Por Rui Campos Matos
© Rui Campos Matos
A grande novidade do incêndio que, este Verão, atingiu a Madeira, não foram os danos causados (em 2012 a devastação também foi grande) mas sim o facto de as chamas terem ameaçado o antigo Funchal de intramuros. Por algumas horas a baixa da cidade viu-se envolvida numa massa irrespirável de fumo que semeou o pânico entre a população. O episódio poderia ter tido graves consequências não fora a providencial mudança das condições atmosféricas e a pronta intervenção dos bombeiros no controle dos poucos focos que se desencadearam. O centro permaneceu intacto, exceptuando 3 ou 4 edifícios que já se encontravam em estado de ruína e, como tal, mais vulneráveis às faúlhas trazidas pelo vento. Nada de comparável, portanto, ao que havia sucedido na baixa do Funchal em séculos passados.
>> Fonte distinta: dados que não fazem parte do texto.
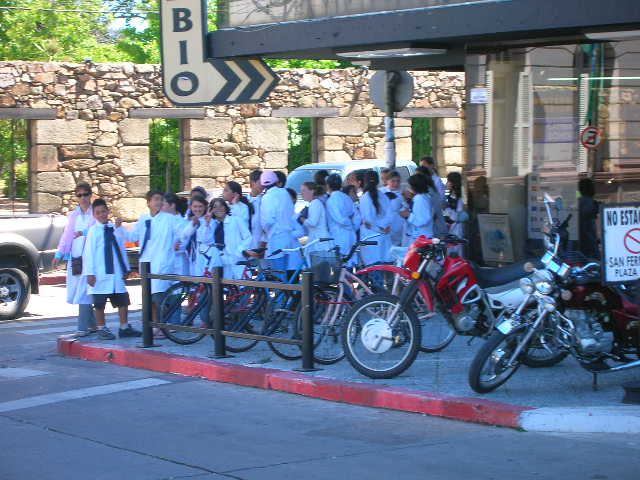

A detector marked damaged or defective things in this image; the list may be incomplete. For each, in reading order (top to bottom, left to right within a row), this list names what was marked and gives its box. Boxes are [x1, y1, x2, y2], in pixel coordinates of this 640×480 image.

pavement crack [0, 412, 245, 480]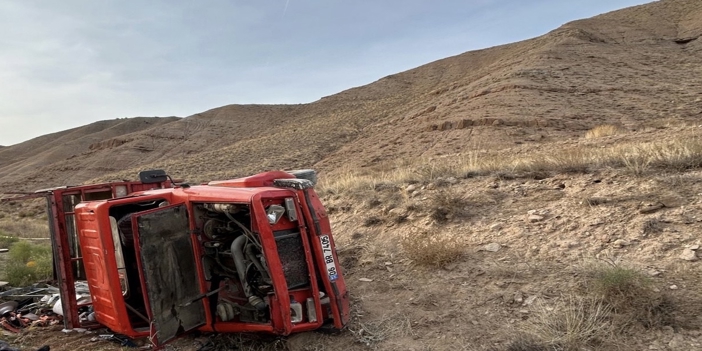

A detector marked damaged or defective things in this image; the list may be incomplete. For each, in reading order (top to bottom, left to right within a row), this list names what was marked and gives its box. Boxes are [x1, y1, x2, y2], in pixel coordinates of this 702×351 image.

overturned red truck [40, 170, 348, 346]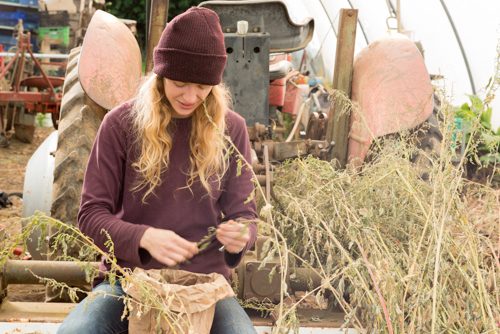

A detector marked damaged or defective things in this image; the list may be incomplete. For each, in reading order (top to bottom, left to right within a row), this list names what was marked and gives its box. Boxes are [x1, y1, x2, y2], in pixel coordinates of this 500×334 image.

rusty metal surface [78, 9, 142, 109]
Com efeito, os incêndios não são um problema novo na história da capital do arquipélago. Já em 1470, o Infante D. Fernando, governador das ilhas atlânticas, havia determinado que as casas da florescente Rua dos Mercadores, que na sua grande maioria eram construídas em madeira e cobertas de palha, se «cobrissem de telha». Aparentemente, de pouco serviu esta determinação, porque no Verão de 1593, numa noite em que o vento leste soprou quente e seco, um violento incêndio devastou a baixa, tendo queimado, em apenas 4 horas, como refere António Aragão na sua história do Funchal, cerca de 154 casas, «as melhores e mais principais de toda a cidade». A devastação foi tal que o episódio sobrevive ainda na toponímia local dando nome às ruas da Queimada de Baixo e da Queimada de Cima. Ao longo do século XVII, as casas em madeira e colmo foram sendo progressivamente substituídas por construções de pedra e cal com cobertura em telha, tornando mais difícil a propagação das chamas. Ardia pontualmente, aqui ou ali, uma casa sobrada, mas a ossatura de alvenaria ficava de pé e o corpo da cidade sobrevivia, como sobreviveu este Verão (e continuará a sobreviver).
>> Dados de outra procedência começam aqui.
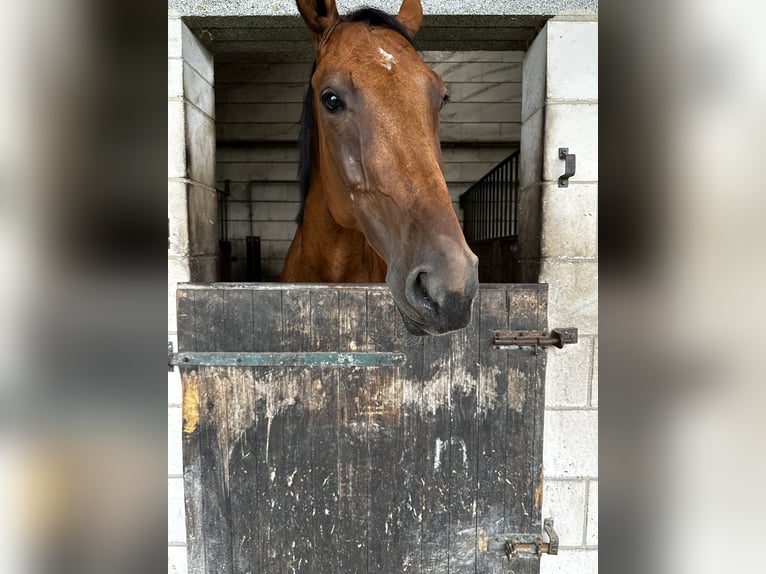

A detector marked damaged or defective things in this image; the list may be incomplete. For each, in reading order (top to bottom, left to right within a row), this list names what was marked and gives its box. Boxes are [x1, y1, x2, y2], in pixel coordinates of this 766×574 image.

rusty door latch [496, 328, 580, 352]
rusty door latch [508, 520, 560, 560]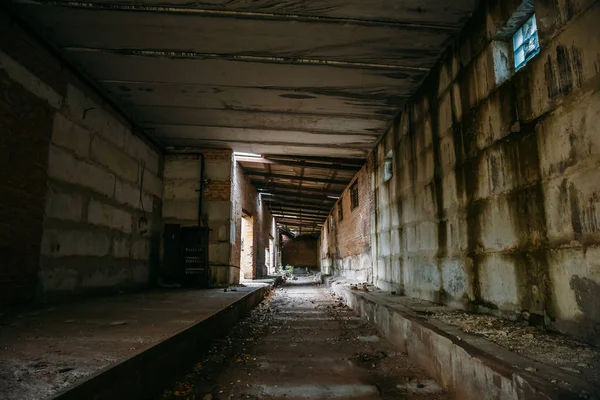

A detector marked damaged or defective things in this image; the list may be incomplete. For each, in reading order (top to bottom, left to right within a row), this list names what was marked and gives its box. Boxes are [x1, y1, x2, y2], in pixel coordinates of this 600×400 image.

broken window [512, 14, 540, 71]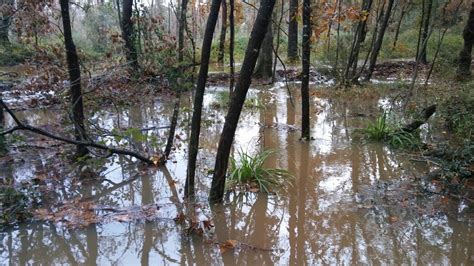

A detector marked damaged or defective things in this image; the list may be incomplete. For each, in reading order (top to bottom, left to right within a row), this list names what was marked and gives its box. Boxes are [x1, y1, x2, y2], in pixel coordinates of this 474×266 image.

broken limb [0, 100, 163, 165]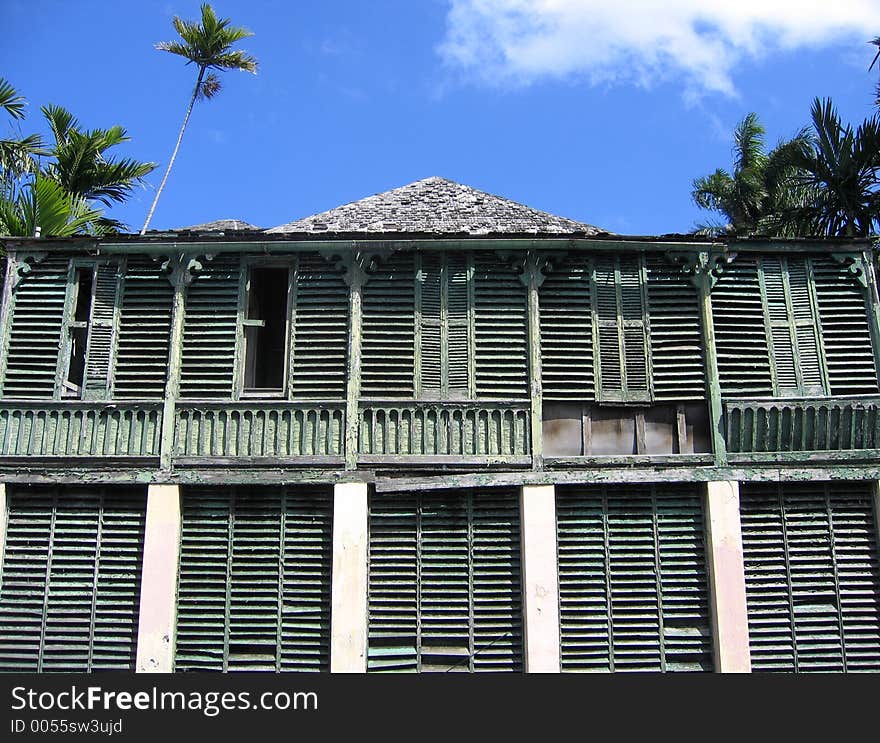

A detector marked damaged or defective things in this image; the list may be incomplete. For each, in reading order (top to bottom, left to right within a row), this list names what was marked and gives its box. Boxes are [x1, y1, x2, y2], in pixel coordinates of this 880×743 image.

broken shutter [0, 256, 69, 398]
broken shutter [81, 262, 122, 402]
broken shutter [114, 260, 174, 402]
broken shutter [180, 256, 241, 398]
broken shutter [294, 253, 352, 398]
broken shutter [360, 253, 416, 398]
broken shutter [474, 253, 528, 402]
broken shutter [540, 254, 596, 402]
broken shutter [596, 258, 648, 406]
broken shutter [648, 256, 708, 402]
broken shutter [712, 256, 772, 398]
broken shutter [760, 256, 828, 398]
broken shutter [812, 256, 880, 396]
broken shutter [0, 486, 146, 672]
broken shutter [174, 486, 332, 672]
broken shutter [366, 488, 524, 676]
broken shutter [556, 482, 716, 676]
broken shutter [744, 482, 880, 676]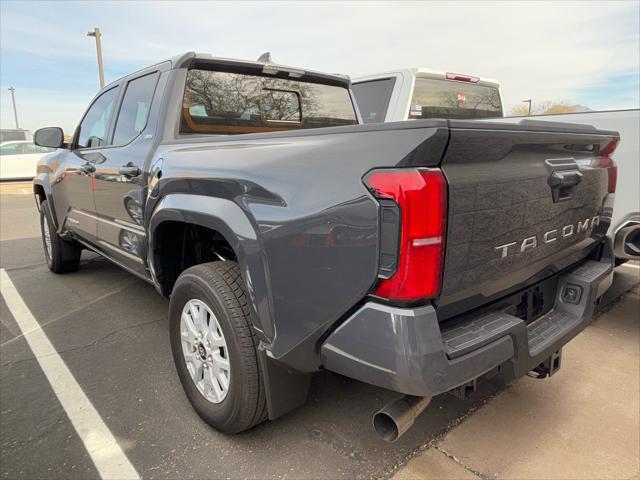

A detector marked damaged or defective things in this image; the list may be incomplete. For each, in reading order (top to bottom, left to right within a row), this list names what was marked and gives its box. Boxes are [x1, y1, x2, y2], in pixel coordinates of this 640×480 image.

Os incêndios continuaram, porém, a devastar as periferias urbanas, despojadas da sua vegetação endémica e mais resistente ao fogo. O padre Augusto da Silva deu conta de um monstruoso incêndio que, no Verão de 1919, varreu o perímetro do Funchal: «no Monte e em São Roque, tomou proporções verdadeiramente assustadoras, abrangendo uma área de alguns quilómetros e ameaçando destruir um grande número de habitações». A semelhança com o que se passou este ano é gritante. Será que nada pode ser feito para prevenir este tipo de tragédias?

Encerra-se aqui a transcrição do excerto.